4.14.2009

Hardwood Burns Slowly

I love my home, perched between Big and Little Cottonwood, with its shady yard and vegetable garden and birdfeeders and Paolo Soleri bells, which are so sweet and soothing that I always wake up smiling on breezy mornings. Waking up in Boulder this weekend, the first thing I noticed was the absence of their song, though I'm so used to them here at home that I don't even notice them anymore.

Interesting. Even the best things grow routine or boring. We stop paying attention to - or find fault in - what we once found so breathtaking.
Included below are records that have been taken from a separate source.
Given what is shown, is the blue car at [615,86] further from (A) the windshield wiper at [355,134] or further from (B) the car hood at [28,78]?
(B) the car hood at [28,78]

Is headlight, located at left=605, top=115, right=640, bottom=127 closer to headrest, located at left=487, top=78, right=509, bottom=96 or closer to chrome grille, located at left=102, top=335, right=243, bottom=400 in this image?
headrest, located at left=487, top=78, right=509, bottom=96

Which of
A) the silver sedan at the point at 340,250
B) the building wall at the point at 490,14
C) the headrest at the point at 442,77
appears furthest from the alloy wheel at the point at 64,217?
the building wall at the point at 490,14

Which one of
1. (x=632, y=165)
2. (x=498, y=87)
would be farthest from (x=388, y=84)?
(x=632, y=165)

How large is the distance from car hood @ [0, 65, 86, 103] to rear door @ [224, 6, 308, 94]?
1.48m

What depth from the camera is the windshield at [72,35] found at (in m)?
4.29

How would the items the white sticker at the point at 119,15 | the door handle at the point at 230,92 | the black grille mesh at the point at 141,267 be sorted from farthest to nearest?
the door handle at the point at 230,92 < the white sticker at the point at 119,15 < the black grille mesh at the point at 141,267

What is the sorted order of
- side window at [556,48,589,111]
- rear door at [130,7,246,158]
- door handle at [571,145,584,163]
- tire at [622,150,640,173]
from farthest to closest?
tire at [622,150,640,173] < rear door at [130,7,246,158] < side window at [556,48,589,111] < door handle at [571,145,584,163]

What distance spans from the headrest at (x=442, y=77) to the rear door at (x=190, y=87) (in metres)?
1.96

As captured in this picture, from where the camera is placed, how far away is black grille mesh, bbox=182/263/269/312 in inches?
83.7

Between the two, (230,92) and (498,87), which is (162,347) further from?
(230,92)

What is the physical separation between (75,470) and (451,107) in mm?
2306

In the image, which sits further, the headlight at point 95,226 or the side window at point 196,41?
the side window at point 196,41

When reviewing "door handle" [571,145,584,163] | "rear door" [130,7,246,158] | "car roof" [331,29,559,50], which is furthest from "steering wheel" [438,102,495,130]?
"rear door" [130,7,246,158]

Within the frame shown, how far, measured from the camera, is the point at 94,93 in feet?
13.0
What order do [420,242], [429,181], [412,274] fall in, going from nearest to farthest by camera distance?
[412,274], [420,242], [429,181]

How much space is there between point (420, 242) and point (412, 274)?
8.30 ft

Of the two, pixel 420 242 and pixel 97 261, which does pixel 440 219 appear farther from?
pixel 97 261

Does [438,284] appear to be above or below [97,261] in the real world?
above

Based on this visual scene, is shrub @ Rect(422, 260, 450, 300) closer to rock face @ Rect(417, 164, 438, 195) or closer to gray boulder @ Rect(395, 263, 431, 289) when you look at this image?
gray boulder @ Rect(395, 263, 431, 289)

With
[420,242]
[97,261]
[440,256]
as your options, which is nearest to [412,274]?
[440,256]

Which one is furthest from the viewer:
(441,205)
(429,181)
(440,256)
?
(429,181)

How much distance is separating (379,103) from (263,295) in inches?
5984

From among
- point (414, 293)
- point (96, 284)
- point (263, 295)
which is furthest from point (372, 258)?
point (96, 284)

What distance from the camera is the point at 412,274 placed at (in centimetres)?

And eventually, while we sit still looking out, we become such a part of our surroundings that we become our surroundings, the way temples have become banyan trees, and vice versa, in the jungles of Thailand and Cambodia.

So even though - as I said - I love my home and husband and this community, the stasis and finality of here seems to oppose my nature. I almost always feel like I should be elsewhere, traveling or exploring new places, new people, new opportunities. I'm not good at settling, even when the place and people and opportunities I'm "settling" for are so wonderful, are so sacred.

But some dear friends of mine just went to Vietnam for a few weeks, and before they left, I suggested sites and inns and restaurants and, well, Thailand, because I like it better, and as I talked, I thought about some of the things I've been lucky enough to experience: fabric shops in hard-to-find alleys and stooped old women who run guest houses and tend terraced gardens in the Himalayas and the way the centuries-old pubs in Gammla Stan stay open all night, even for a group of kids nursing Carlsbergs and being way too loud.

For years, I focused on going climbing as frequently as possible. That meant making it happen after work and on weekends, leaving little time for much else. Now that I've backed off a bit, I have more time to think. I feel like I'm finding my direction by remembering where I've been, and while that might seem like I'm navigating by way of the rearview mirror, I just can't fight this nostalgia; it's like I lost my way somewhere back there and am retracing my steps until I figure everything out.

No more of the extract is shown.